O ataque iria começar no dia 21 de maio, com 130.000 tropas frescas e equipadas, contra uma Guarda Nacional agora reduzida a 30.000 milicianos, esgotados e famintos. Ao ter as primeiras notícias da entrada em Paris, Thiers proclamou a vitória e anunciou o fim da guerra civil. Mas, inesperadamente, a batalha pela cidade ia durar uma semana inteira.

Nessa “semana sangrenta”, Louise Michel passa das tarefas de enfermeira para as de combatente, em diversas batalhas e em especial nas últimas, no cemitério de Montmartre e na barricada de Clignancourt, onde ganha a admiração de todos pela sua coragem. Finalmente acabará por render-se às tropas versalhesas, para obter a libertação da sua mãe, que estas tinham tomado como refém.

Em parte devido ao fanatismo do chefe de segurança da Comuna Raoul Rigault, cometeu-se nessa fase a crueldade inútil e absurda de fuzilar 62 reféns, incluindo o arcebispo Darbois. Mas, do lado versalhês, foram abatidos arbitrariamente prisioneiros milicianos e civis em número incomparavelmente superior.

A estimativa das mortes causadas pela tropa versalhesa oscila entre as 17.000 e as 30.000. Só o tempo quente, a rápida decomposição dos cadáveres e o receio de causar uma epidemia de peste levaram finalmente os vencedores a porem termo à orgia de sangue.
Epílogo: Louise Michel no tribunal, no degredo, no regresso
Prosseguiram contudo os julgamentos sumários, com numerosas sentenças capitais, entre elas a de Théophile Ferré, executado com o antigo ministro da Guerra da Comuna, Louis Rossel. A Ferré, amigo próximo e, segundo se crê, o grande amor de Louise Michel, dedicou ela um poema que lhe enviou antes de ser executado, com o título algo premonitório "Cravos Vermelhos", num tempo em que ainda não se suspeitava da conotação revolucionária que esta flor havia de adquirir.

Em 28 de junho, Louise Michel foi finalmente julgada em Conselho de Guerra e desafiou os juízes a condenarem-na à morte, prometendo que, caso contrário, iria combatê-los até ao seu último sopro de vida.
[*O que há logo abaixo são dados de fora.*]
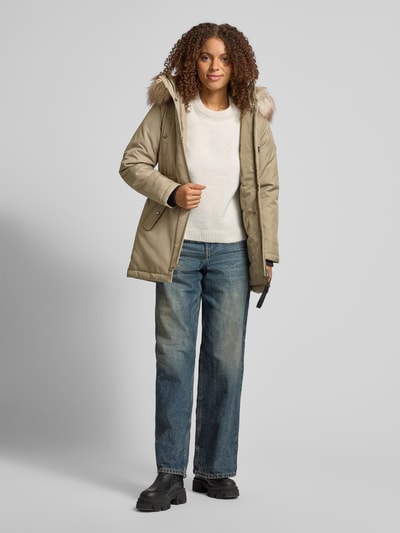 Only Getailleerde parka met imitatiebont, model 'IRIS' Kaki - 1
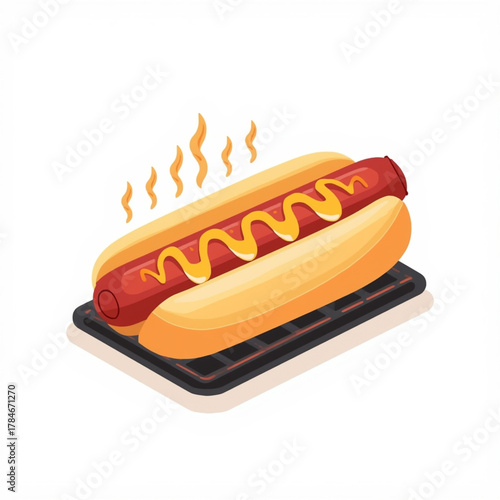 Grilled Hot Dog with Mustard on Bun Over BBQ Rack Illustration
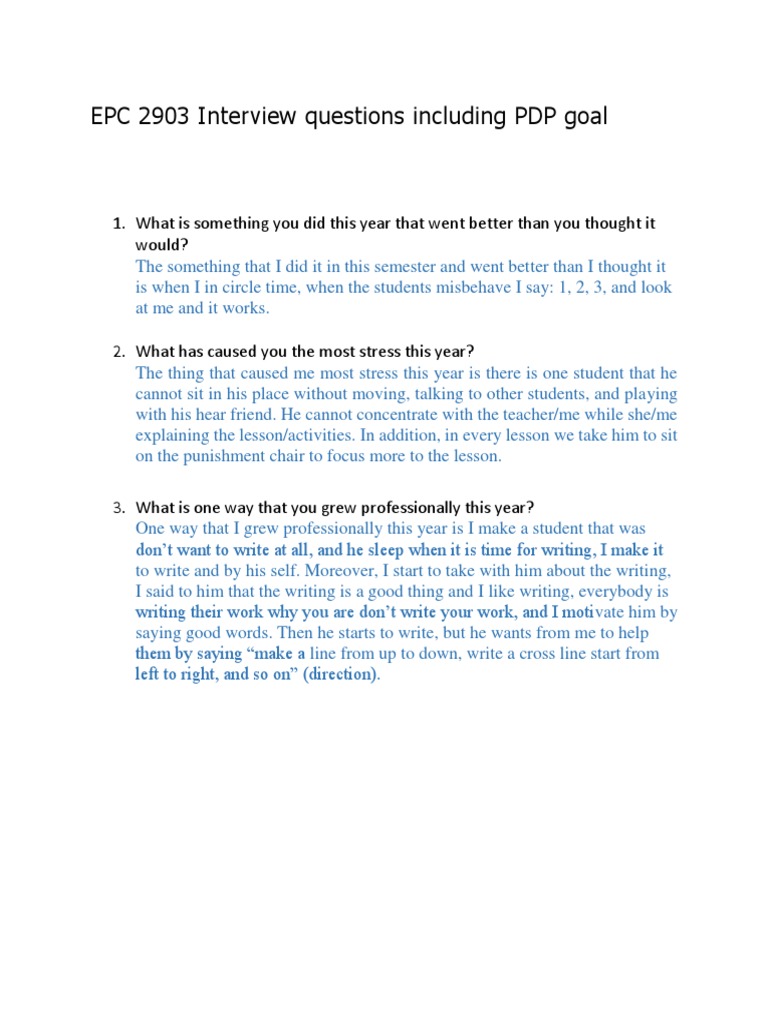 Mira Interview Including PDP Goal | PDF | Classroom Management | Classroom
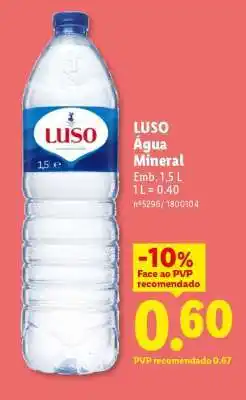 Lidl Luso Água Mineral promoção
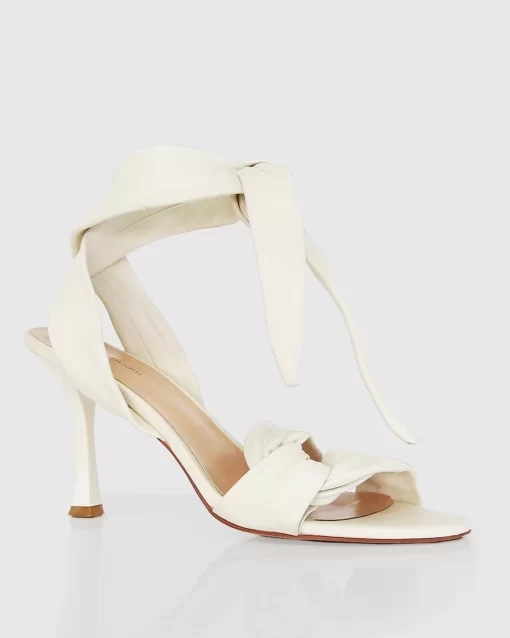 Belle & Bloom Bad Liar Leather Tie Heeled Sandal - Cream Shop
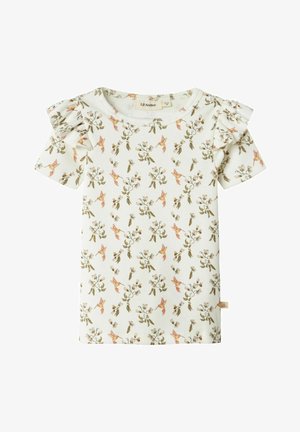 Hvid ribbet kortærmet t-shirt med blomstermønster i pink og grøn. Flæser ved ærmerne og rund halsudskæring. Letvægts bomuldsstof.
Atirou-lhes à cara na altura algumas frases célebres: “Se não sois uns cobardes, matai-me!”. Os juízes não se atreveram a aceitar o desafio e Louise Michel cumpriu a promessa.

Condenaram-na ao degredo e fizeram deportá-la para a Nova Caledónia. Enquanto esteve presa, Louise Michel recusou quaisquer privilégios que teria o seu regime prisional por ser mulher. Nessa fase, continuou a receber correspondência do futuro presidente francês Clemenceau, que a conhecera na Comuna e admirava a sua coragem, e também do seu velho amigo Victor Hugo, que a homenageou com um poema famoso.

Ao ser libertada, mas mantida no degredo, imediatamente aprendeu uma das línguas indígenas e começou a apoiar as aspirações dos povos locais contra o colonialismo. Em 1878, Louise Michel apoiou mesmo uma revolta do povo canaca, contrariando a atitude de alguns dos seus companheiros de degredo.

Amnistiada finalmente, regressou em 1880 a França, onde foi recebida por uma multidão entusiástica. Nos 25 anos que decorrem entre o regresso e a sua morte, manteve uma incansável militância revolucionária, sempre vigiada pela polícia, várias vezes presa, várias vezes julgada, várias vezes respondendo vigorosamente às acusações, e várias vezes libertada sem cumprir pena.